Saturday, December 29, 2018

The insane OOM (out of memory) Killer

In the late nineties I worked on AIX for the first time. Back in those days there were several flavours of Unix available, all with their differences and idiosyncrasies. Linux was a fledging and fitted on just one CD. I came across a feature of AIX which I thought was crazy - the OOM (out of memory) killer. In this variant of Unix malloc always succeeded, even when there wasn't enough memory. The idea was that malloc returned a pointer to heap memory but wouldn't actually start to use it until the first reference was made. At the point at which it did then memory had jolly well better be available. If it was then all well and good. If not then the OOM killer came into play. The OOM killer would choose a victim process and kill it. The result was that memory would be freed and the access occurring at the time would succeed. Sounds insane, right? Right. I laughed and thought that this one feature rendered AIX useless compared to the other Unixes and would lead to its demise. How wrong I was. Fast forward a few years later. It was added to Solaris. Sigh. Fast forward to today. It has been added to Linux.

The OOM killer is a kernel development that mirrors what happens when banks try to innovate.
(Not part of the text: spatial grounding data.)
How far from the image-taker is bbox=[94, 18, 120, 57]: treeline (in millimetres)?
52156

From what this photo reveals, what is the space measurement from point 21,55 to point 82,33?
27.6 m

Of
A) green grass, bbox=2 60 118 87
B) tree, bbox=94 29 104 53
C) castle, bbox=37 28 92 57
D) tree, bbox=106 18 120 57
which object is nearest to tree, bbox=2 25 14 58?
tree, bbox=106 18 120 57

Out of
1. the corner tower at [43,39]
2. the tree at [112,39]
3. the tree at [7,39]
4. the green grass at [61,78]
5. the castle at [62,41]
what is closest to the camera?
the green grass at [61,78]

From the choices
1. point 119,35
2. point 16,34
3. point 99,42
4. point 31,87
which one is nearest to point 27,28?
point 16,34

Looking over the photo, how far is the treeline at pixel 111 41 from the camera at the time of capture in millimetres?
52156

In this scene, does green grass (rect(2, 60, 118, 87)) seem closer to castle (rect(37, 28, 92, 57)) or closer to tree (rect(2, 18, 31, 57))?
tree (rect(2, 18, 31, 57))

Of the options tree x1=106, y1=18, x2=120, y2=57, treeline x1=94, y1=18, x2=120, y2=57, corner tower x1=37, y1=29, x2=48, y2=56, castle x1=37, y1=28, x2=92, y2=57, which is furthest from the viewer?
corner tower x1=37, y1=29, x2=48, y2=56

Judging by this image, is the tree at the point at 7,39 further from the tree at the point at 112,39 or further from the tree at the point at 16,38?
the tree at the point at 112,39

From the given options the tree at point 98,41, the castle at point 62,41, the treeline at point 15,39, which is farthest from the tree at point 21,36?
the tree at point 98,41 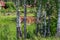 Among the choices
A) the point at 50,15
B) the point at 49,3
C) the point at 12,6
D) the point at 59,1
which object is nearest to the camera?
the point at 59,1

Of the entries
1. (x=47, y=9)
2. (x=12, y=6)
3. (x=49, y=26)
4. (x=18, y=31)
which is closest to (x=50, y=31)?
(x=49, y=26)

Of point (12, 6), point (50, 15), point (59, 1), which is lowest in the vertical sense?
point (12, 6)

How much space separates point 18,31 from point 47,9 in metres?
2.42

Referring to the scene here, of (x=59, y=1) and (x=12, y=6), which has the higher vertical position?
(x=59, y=1)

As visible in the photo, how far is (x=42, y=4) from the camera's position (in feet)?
40.2

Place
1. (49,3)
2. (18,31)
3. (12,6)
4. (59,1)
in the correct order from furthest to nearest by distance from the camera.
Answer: (12,6)
(49,3)
(18,31)
(59,1)

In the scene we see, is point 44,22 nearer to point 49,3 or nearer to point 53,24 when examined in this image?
point 53,24

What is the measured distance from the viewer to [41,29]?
1274 cm

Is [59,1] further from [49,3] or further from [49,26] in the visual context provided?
[49,26]

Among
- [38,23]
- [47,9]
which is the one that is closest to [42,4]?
[47,9]

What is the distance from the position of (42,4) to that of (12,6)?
1730 cm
It's what I call "the conspiracy of crappiness". It goes like this: some group or other tries to innovate but comes up with a really bad idea that doesn't work well and everyone hates it. The competition discover the move and for some inexplicable reason they copy it. Now everyone hates the competition as well and none of the players can be distinguished in this area. Bank charges on current accounts is an example. So is charging for withdrawals at ATMs (although customers have objected so vehemently to that one that there has been some back peddling). Well, in the world of Unix we now have the OOM killer.
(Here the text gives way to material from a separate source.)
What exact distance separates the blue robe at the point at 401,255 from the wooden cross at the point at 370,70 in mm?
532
There's a good article at LWN, that explains why this is insane. There's another article that gives tips on how to mitigate the nastiness, but surely that it yet another testimony to the fact that it is nasty. I also came across this article that discusses the nastiness and has an excerpt of .an amusing article that discusses the fairness, or otherwise, of how the victim is chosen. Here is the excerpt:


An aircraft company discovered that it was cheaper to fly its planes with less fuel on board. The planes would be lighter and use less fuel and money was saved. On rare occasions however the amount of fuel was insufficient, and the plane would crash. This problem was solved by the engineers of the company by the development of a special OOF (out-of-fuel) mechanism. In emergency cases a passenger was selected and thrown out of the plane. (When necessary, the procedure was repeated.) A large body of theory was developed and many publications were devoted to the problem of properly selecting the victim to be ejected. Should the victim be chosen at random? Or should one choose the heaviest person? Or the oldest? Should passengers pay in order not to be ejected, so that the victim would be the poorest on board? And if for example the heaviest person was chosen, should there be a special exception in case that was the pilot? Should first class passengers be exempted? Now that the OOF mechanism existed, it would be activated every now and then, and eject passengers even when there was no fuel shortage. The engineers are still studying precisely how this malfunction is caused.

Update: 27 March 2022

Since that aircraft analogy I have found an article on the perils of overcommit which gives a more dispassionate assessment, but still concludes it is a terrible idea: https://www.etalabs.net/overcommit.html

Sunday, December 02, 2018

I can't stand the JBoss Application Server

I wonder which application server people chose when working on Java projects that need to publish dynamic web pages. I have used tomcat in the past and found it to be pretty good. But for the last few years I have been in an environment where JBoss was chosen. JBoss comes with all sorts of enterprisey EE things such as a JMS implementation and whilst initially this may seem attractive I have decided that I don't like it. I would now recommend that any project that needs JMS and dynamic web pages avoids an enterprise application offer. Instead I think it is better to chose the web page and JMS solutions separately.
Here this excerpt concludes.